▸ **WHAT IS EXPECTED**: Go to the line in the entries below that holds "Soulor CY20 12V" and repeat exactly from there through the line that holds "Pegatina del Gran", inclusive.
--- START ---
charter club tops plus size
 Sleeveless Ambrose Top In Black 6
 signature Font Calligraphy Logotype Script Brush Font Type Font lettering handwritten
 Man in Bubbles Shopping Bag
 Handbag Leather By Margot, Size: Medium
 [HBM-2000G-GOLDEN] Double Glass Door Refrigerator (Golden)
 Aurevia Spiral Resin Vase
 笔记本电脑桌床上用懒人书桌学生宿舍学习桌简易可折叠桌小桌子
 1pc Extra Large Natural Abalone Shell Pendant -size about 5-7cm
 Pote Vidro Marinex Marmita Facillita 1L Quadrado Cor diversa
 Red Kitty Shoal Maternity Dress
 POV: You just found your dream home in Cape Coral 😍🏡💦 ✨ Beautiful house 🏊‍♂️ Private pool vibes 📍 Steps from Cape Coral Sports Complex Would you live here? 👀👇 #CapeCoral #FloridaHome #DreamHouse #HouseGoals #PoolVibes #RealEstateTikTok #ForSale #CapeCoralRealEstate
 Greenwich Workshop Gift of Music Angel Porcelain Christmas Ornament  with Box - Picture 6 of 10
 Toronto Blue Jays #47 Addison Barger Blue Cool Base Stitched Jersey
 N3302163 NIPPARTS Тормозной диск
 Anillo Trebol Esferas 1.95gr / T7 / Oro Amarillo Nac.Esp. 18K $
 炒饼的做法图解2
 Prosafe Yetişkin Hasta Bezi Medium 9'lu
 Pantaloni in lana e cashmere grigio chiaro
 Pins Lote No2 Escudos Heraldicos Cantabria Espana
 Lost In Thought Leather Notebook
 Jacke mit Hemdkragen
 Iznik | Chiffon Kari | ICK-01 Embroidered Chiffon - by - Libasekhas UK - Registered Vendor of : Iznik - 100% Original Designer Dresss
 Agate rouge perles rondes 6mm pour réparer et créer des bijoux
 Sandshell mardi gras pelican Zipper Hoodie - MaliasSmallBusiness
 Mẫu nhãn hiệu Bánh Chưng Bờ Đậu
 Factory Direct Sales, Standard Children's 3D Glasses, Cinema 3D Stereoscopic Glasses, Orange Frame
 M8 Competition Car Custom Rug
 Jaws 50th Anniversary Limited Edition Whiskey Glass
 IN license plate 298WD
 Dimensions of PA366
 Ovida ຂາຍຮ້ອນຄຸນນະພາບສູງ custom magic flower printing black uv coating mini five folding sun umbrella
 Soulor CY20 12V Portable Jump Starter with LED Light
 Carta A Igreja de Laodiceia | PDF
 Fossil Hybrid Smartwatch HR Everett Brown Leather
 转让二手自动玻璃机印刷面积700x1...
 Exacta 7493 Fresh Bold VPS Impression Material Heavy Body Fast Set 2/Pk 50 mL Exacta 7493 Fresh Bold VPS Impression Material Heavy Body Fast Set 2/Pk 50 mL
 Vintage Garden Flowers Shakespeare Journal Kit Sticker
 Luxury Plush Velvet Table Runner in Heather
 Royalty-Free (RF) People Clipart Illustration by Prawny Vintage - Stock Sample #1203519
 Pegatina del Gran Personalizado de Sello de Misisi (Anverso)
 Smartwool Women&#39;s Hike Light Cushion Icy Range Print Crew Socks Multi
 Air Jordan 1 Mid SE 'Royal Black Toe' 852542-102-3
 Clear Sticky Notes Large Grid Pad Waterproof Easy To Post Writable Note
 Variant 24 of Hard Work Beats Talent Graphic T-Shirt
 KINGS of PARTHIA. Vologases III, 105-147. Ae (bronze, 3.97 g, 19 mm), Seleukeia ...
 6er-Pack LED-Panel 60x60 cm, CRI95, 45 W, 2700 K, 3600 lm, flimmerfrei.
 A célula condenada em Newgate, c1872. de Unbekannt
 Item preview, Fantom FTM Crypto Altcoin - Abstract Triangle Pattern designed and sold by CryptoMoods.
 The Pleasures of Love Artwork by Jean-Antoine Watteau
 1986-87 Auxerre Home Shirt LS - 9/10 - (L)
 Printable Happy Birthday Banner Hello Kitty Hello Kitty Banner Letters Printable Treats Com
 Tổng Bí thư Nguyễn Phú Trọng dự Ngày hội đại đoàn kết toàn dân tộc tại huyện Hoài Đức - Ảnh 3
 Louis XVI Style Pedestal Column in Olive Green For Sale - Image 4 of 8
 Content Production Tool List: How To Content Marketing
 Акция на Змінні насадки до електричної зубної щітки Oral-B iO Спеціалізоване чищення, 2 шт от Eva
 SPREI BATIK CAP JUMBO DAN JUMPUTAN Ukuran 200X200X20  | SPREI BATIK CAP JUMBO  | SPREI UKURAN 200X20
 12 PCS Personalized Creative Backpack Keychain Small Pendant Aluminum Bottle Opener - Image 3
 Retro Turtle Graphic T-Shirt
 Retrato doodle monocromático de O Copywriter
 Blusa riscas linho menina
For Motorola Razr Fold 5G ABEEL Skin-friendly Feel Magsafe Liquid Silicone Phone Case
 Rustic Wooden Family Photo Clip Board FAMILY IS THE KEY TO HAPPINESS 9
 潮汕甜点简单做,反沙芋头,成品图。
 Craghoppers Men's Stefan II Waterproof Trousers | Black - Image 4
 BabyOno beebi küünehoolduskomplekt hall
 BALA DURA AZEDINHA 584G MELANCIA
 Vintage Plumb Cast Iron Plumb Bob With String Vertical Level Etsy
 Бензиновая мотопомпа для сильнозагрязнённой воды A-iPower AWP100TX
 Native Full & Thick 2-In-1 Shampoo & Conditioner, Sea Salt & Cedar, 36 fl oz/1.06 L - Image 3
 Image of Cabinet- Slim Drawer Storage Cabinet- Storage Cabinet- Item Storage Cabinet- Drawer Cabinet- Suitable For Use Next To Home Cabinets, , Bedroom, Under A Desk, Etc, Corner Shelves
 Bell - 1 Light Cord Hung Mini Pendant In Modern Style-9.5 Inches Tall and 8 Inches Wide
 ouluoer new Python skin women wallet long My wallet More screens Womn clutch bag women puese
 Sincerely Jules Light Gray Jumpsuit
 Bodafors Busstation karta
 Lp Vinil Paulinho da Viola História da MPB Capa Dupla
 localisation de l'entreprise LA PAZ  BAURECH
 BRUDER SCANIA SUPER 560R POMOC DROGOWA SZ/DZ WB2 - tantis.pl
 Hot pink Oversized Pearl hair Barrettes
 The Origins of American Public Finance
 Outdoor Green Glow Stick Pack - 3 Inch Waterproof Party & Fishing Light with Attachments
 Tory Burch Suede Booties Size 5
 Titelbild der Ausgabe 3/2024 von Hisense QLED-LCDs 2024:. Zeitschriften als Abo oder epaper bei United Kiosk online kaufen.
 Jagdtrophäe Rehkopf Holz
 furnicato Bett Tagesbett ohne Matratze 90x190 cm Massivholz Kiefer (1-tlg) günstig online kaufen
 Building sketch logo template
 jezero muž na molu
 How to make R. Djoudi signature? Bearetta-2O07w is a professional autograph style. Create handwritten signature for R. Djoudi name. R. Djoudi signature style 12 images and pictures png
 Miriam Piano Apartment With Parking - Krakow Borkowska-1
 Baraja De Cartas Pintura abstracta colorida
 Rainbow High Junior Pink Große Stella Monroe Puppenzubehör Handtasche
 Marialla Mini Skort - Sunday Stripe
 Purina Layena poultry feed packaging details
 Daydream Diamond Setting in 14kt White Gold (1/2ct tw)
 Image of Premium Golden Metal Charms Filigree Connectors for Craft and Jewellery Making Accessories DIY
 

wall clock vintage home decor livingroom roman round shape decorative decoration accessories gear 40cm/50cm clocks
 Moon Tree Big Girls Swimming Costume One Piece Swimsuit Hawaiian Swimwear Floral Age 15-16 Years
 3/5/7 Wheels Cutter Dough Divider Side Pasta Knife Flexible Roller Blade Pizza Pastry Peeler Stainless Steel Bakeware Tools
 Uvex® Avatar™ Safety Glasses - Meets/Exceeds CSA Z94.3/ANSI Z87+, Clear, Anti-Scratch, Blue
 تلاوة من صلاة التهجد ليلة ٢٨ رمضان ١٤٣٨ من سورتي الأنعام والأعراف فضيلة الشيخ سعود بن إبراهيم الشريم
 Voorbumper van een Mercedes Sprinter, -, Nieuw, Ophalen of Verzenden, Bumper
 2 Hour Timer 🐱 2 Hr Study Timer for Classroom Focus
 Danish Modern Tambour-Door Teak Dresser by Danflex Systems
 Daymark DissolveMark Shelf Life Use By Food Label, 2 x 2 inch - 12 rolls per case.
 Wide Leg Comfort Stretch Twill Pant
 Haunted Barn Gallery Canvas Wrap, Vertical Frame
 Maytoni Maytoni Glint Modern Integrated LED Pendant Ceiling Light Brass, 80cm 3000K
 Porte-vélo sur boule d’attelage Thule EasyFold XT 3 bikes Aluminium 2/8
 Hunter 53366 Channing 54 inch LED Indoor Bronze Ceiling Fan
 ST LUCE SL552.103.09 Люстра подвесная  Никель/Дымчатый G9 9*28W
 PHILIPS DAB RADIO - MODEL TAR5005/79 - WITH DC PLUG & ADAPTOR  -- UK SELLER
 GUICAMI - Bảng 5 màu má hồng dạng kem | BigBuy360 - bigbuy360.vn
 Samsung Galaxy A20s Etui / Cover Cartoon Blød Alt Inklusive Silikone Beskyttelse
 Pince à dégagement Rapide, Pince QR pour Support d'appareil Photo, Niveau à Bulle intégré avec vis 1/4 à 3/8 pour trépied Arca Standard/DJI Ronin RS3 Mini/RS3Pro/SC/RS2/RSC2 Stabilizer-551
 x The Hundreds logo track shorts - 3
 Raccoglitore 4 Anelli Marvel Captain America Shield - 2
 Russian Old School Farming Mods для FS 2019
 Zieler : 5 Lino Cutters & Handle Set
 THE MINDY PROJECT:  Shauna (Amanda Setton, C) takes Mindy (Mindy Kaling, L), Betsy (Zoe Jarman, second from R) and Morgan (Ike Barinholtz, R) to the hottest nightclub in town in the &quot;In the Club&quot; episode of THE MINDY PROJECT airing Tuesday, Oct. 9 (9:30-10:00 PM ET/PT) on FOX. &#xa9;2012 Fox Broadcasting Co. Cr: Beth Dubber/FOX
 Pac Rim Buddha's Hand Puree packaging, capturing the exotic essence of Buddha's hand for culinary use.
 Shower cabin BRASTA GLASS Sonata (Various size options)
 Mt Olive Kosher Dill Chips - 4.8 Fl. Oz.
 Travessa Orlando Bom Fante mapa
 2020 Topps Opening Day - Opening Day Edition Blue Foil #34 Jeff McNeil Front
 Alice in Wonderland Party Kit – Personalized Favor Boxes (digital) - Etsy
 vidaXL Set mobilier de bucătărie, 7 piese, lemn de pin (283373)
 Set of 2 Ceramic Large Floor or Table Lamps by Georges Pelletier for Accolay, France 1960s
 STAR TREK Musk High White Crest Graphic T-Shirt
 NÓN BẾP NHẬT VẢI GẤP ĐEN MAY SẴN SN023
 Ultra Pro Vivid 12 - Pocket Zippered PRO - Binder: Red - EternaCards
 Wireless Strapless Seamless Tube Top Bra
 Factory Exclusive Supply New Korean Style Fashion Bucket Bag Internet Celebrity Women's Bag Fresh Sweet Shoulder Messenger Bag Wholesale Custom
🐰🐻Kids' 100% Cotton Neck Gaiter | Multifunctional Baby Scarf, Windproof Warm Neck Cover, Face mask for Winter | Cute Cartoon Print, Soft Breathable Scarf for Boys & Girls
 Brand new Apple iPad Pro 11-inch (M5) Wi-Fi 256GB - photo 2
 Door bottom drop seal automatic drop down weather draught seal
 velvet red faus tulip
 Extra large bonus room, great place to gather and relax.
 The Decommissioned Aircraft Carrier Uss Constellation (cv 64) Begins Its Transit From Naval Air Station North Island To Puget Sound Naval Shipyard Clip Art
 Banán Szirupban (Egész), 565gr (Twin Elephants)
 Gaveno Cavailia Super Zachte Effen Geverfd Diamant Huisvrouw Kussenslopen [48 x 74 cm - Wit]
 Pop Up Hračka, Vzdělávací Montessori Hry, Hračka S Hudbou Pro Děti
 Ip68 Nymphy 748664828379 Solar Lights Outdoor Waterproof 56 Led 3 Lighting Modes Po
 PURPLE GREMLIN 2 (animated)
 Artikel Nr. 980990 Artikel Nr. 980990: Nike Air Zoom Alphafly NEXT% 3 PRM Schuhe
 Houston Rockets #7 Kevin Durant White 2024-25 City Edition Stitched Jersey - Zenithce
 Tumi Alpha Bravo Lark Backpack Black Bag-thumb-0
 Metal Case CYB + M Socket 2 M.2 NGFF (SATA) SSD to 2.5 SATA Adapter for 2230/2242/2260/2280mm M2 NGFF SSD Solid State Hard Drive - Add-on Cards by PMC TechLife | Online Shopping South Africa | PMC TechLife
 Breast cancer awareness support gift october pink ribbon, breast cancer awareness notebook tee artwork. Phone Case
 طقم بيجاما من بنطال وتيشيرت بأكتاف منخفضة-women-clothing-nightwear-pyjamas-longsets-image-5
--- END ---
▸ **WRITTEN SOLUTION**:
 Soulor CY20 12V Portable Jump Starter with LED Light
 Carta A Igreja de Laodiceia | PDF
 Fossil Hybrid Smartwatch HR Everett Brown Leather
 转让二手自动玻璃机印刷面积700x1...
 Exacta 7493 Fresh Bold VPS Impression Material Heavy Body Fast Set 2/Pk 50 mL Exacta 7493 Fresh Bold VPS Impression Material Heavy Body Fast Set 2/Pk 50 mL
 Vintage Garden Flowers Shakespeare Journal Kit Sticker
 Luxury Plush Velvet Table Runner in Heather
 Royalty-Free (RF) People Clipart Illustration by Prawny Vintage - Stock Sample #1203519
 Pegatina del Gran Personalizado de Sello de Misisi (Anverso)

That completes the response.